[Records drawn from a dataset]
▼
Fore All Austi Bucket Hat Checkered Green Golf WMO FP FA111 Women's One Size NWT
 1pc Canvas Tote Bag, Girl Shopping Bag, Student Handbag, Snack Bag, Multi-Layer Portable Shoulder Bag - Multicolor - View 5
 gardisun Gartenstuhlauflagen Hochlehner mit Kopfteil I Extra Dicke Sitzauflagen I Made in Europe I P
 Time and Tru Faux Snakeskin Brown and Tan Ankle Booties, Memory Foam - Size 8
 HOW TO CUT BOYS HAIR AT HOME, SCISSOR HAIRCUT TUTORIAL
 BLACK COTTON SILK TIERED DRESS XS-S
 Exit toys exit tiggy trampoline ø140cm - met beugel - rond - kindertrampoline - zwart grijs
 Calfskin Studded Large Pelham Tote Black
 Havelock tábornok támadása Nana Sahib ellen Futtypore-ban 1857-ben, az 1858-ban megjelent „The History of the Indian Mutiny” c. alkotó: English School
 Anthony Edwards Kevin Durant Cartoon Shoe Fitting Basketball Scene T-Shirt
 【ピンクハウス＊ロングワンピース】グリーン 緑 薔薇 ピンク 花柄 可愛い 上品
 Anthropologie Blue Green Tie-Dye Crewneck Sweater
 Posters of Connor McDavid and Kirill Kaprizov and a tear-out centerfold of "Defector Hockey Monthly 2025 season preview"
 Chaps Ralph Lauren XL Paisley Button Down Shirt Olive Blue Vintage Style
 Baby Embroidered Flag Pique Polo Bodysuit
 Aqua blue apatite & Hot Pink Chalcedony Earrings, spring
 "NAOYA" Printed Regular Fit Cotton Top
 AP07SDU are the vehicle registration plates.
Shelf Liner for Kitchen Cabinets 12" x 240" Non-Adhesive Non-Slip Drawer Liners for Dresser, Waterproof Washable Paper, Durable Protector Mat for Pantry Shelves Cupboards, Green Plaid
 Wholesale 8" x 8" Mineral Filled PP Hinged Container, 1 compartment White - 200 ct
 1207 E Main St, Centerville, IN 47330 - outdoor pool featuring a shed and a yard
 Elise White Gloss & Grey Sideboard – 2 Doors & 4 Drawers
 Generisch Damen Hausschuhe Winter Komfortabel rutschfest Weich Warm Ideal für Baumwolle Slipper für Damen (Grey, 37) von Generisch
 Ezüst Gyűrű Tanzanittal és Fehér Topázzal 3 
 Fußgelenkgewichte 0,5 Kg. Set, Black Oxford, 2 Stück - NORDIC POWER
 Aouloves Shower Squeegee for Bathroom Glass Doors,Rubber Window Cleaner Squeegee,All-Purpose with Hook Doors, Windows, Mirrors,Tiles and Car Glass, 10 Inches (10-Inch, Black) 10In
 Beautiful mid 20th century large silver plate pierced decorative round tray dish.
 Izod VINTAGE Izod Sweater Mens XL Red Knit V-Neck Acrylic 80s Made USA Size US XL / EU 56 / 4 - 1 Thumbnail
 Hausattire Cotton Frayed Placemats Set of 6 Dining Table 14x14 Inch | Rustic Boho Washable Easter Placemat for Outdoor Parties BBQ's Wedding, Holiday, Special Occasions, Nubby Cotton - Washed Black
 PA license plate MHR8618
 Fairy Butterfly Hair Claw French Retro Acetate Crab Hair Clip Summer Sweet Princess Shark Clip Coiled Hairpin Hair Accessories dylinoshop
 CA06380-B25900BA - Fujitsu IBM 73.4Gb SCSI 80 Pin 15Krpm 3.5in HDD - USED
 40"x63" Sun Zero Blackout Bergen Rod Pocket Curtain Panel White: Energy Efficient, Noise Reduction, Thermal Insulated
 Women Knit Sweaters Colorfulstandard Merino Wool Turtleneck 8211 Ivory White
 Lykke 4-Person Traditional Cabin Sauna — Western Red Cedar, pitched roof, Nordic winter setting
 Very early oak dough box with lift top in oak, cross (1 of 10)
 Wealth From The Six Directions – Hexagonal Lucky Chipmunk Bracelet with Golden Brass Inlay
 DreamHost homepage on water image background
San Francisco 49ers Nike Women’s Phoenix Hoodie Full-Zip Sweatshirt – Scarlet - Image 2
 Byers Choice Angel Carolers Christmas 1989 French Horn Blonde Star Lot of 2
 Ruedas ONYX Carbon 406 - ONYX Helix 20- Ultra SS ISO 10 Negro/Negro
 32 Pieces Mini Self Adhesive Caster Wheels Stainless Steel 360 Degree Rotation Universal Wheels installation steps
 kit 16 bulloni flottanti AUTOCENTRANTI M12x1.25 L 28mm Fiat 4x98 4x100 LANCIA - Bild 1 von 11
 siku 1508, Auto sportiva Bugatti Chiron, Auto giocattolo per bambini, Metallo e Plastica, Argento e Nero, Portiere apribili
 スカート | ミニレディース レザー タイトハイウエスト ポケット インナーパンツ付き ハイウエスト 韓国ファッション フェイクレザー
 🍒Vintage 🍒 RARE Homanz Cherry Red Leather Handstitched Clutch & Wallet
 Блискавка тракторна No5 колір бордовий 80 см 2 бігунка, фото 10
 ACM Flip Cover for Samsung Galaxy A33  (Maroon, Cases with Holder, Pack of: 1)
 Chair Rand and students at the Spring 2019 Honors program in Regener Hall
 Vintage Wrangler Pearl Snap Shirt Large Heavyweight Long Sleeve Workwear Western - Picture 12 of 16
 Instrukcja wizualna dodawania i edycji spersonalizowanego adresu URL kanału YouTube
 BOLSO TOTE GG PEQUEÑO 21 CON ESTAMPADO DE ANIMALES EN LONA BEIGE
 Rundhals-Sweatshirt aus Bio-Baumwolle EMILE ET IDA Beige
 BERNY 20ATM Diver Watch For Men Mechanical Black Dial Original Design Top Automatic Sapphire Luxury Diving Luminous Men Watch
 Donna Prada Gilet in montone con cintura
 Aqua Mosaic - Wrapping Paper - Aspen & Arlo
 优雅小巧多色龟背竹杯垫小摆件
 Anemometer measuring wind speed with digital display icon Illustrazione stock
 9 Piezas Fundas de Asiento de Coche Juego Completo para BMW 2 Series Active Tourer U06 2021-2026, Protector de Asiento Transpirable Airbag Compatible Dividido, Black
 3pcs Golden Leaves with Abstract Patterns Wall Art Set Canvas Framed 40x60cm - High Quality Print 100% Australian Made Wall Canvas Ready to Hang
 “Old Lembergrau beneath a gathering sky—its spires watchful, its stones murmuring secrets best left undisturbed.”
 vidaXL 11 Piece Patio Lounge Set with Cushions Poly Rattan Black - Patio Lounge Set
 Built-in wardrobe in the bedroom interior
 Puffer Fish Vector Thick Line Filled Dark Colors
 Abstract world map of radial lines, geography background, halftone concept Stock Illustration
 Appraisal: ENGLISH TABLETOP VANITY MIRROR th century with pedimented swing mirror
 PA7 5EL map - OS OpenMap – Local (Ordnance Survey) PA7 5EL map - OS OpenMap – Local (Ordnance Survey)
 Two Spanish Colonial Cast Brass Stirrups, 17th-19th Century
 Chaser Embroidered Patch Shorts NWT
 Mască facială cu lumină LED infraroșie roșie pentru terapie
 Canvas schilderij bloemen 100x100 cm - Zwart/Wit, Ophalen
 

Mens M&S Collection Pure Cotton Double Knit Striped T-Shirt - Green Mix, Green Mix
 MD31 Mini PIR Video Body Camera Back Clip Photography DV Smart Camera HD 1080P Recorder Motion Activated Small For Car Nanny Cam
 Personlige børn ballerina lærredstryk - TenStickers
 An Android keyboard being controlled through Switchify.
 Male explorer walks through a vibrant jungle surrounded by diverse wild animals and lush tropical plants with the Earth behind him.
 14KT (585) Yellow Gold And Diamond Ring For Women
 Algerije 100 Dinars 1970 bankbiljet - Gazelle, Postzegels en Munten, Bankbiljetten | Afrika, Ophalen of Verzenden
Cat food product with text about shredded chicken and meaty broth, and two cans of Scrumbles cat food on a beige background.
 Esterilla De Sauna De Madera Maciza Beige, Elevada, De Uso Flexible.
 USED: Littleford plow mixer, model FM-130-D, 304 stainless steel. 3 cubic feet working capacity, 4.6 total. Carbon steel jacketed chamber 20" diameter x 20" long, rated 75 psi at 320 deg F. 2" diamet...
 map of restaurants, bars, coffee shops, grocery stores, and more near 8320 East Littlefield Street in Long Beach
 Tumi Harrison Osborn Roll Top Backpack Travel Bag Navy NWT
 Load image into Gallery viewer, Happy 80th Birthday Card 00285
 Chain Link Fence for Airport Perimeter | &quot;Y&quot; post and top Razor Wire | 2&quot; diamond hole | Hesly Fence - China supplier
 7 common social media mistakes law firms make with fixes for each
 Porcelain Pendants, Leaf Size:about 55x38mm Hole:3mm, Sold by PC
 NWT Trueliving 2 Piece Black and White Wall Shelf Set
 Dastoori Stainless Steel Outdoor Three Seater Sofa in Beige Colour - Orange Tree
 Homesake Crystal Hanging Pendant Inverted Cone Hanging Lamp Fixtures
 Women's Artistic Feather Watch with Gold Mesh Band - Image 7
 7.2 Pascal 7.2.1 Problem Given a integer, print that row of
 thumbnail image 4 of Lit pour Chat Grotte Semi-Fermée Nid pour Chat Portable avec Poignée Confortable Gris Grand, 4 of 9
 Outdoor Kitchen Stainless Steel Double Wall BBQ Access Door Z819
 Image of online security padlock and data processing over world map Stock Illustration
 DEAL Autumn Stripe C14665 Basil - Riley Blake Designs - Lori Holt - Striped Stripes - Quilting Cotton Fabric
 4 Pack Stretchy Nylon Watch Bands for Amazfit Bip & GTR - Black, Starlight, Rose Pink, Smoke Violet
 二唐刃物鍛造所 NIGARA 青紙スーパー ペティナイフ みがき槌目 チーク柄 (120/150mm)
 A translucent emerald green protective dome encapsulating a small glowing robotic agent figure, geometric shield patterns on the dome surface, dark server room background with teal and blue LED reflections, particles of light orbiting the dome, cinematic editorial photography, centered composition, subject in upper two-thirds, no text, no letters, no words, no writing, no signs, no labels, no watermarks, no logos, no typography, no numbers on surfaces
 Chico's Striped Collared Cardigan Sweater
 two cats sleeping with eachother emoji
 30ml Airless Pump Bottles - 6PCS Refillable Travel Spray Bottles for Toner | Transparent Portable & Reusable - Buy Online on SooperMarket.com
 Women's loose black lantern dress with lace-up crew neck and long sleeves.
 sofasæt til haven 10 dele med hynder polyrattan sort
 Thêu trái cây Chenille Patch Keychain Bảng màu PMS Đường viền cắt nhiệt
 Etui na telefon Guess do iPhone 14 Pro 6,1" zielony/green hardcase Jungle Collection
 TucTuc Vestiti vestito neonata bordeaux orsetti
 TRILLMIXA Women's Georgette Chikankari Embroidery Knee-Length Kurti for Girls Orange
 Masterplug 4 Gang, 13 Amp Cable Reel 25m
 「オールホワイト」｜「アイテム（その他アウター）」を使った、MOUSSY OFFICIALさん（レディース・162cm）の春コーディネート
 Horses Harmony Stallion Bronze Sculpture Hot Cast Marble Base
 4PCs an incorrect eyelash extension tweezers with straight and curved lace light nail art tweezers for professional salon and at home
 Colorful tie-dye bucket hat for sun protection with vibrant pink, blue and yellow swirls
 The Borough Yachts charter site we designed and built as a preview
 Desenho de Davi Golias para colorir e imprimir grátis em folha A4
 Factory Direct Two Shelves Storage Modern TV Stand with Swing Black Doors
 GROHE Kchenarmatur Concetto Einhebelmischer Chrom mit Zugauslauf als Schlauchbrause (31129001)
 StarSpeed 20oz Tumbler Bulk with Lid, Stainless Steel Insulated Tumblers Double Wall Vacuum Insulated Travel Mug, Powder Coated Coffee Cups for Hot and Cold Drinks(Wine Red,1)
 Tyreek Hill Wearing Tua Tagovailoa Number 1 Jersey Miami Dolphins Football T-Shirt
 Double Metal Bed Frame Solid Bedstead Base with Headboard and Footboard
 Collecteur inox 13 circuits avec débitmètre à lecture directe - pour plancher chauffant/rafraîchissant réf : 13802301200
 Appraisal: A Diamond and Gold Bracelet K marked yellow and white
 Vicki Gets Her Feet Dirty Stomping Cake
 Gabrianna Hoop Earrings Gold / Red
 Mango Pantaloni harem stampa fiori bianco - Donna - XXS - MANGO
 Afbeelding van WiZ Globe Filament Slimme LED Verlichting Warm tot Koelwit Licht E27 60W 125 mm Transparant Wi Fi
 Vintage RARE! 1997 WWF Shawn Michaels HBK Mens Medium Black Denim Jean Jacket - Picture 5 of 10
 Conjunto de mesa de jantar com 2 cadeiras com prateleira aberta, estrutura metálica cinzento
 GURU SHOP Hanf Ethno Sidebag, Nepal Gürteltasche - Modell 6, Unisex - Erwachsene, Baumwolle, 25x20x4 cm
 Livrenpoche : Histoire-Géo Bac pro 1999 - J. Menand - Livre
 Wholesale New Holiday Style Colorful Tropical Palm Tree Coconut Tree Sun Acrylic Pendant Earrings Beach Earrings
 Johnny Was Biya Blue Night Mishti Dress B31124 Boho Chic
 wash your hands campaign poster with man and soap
▲
# [Exercise instructions]
Output the lines above between the one holding "9 Piezas Fundas" and the one holding "Puffer Fish Vector", inclusive, with nothing before or after them.

# [Written answer]
 9 Piezas Fundas de Asiento de Coche Juego Completo para BMW 2 Series Active Tourer U06 2021-2026, Protector de Asiento Transpirable Airbag Compatible Dividido, Black
 3pcs Golden Leaves with Abstract Patterns Wall Art Set Canvas Framed 40x60cm - High Quality Print 100% Australian Made Wall Canvas Ready to Hang
 “Old Lembergrau beneath a gathering sky—its spires watchful, its stones murmuring secrets best left undisturbed.”
 vidaXL 11 Piece Patio Lounge Set with Cushions Poly Rattan Black - Patio Lounge Set
 Built-in wardrobe in the bedroom interior
 Puffer Fish Vector Thick Line Filled Dark Colors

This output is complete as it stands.